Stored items
-- Opening Marker --

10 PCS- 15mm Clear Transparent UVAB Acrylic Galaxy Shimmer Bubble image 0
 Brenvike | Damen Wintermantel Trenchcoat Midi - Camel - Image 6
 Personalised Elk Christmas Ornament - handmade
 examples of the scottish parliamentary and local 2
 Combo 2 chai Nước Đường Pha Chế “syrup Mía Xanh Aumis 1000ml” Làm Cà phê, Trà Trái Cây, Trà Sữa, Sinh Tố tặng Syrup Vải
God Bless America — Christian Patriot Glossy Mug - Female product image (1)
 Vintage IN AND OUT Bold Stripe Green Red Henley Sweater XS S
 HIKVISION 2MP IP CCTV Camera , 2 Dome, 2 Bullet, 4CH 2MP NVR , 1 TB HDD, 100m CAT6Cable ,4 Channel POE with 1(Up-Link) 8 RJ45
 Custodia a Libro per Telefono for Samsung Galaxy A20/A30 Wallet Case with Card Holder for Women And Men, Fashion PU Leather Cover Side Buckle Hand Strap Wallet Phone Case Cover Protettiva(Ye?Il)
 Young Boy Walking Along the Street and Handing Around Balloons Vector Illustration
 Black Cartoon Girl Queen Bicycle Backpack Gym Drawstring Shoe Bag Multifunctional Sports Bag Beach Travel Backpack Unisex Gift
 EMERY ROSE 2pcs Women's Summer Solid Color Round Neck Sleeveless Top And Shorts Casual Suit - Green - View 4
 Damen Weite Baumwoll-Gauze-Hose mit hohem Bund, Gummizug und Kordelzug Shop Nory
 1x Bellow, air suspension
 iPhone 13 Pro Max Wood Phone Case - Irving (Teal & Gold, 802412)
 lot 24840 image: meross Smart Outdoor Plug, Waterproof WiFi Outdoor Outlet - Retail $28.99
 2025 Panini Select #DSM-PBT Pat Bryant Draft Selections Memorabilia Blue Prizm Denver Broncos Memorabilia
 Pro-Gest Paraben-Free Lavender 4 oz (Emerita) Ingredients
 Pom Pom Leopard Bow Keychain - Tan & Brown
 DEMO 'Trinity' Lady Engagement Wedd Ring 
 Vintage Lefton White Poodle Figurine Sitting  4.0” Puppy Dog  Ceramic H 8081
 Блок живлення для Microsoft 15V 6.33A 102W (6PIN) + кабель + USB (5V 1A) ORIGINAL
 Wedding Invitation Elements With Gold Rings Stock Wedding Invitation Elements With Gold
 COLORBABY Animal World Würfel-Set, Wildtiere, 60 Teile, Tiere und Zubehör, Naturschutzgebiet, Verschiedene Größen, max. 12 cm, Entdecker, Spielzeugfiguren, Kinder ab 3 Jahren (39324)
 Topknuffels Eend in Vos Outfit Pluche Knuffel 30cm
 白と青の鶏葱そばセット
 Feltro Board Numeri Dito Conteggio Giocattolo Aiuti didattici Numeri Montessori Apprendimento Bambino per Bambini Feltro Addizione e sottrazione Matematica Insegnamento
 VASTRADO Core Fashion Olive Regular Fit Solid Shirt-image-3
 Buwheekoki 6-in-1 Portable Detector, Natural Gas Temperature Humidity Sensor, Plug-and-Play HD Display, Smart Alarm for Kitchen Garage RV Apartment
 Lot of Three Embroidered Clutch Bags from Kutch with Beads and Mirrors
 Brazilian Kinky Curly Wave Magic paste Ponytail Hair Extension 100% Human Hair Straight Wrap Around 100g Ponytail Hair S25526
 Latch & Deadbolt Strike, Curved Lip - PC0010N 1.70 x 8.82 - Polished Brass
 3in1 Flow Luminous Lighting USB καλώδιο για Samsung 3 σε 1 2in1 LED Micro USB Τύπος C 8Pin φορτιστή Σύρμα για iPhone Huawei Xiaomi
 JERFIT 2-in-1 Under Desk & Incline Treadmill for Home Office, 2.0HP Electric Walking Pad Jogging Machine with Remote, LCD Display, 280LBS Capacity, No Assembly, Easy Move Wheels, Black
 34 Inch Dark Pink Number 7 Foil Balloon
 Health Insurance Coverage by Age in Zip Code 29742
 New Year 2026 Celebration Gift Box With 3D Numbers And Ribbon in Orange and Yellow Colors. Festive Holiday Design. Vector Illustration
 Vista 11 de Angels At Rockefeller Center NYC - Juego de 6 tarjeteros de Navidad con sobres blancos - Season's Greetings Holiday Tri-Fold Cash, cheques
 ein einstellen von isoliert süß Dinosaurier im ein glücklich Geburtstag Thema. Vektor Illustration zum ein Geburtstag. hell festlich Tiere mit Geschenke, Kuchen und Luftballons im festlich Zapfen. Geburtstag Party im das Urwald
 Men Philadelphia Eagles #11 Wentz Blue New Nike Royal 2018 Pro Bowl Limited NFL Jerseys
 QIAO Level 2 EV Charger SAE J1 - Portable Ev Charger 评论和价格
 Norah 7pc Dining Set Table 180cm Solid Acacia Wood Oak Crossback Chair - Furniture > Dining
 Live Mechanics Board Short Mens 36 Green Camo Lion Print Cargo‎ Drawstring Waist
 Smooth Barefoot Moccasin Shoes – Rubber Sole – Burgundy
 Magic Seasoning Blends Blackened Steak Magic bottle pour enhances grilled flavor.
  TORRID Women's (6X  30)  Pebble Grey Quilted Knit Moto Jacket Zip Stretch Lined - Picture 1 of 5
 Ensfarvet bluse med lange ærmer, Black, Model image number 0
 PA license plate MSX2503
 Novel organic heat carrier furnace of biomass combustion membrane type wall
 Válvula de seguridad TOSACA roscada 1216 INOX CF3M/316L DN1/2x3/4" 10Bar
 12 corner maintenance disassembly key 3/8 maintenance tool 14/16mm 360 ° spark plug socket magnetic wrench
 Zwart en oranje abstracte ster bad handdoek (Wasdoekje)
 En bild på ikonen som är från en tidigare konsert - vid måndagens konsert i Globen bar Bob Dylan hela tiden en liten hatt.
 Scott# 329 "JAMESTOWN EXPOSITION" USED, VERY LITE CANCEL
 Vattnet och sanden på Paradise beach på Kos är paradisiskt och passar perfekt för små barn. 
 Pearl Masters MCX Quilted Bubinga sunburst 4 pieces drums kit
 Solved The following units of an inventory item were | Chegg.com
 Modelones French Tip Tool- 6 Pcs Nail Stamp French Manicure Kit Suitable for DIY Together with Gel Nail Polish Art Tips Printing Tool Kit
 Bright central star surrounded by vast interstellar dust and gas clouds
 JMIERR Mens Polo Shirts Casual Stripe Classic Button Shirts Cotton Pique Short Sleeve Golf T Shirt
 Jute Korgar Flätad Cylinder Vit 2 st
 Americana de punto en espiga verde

-- Closing Marker --

**EXERCISE DIRECTIONS:**
Please make an exact copy of the lines above from the line with "Vattnet och sanden" through the line with "Solved The following", both ends included.

**EXPECTED OUTPUT:**
 Vattnet och sanden på Paradise beach på Kos är paradisiskt och passar perfekt för små barn. 
 Pearl Masters MCX Quilted Bubinga sunburst 4 pieces drums kit
 Solved The following units of an inventory item were | Chegg.com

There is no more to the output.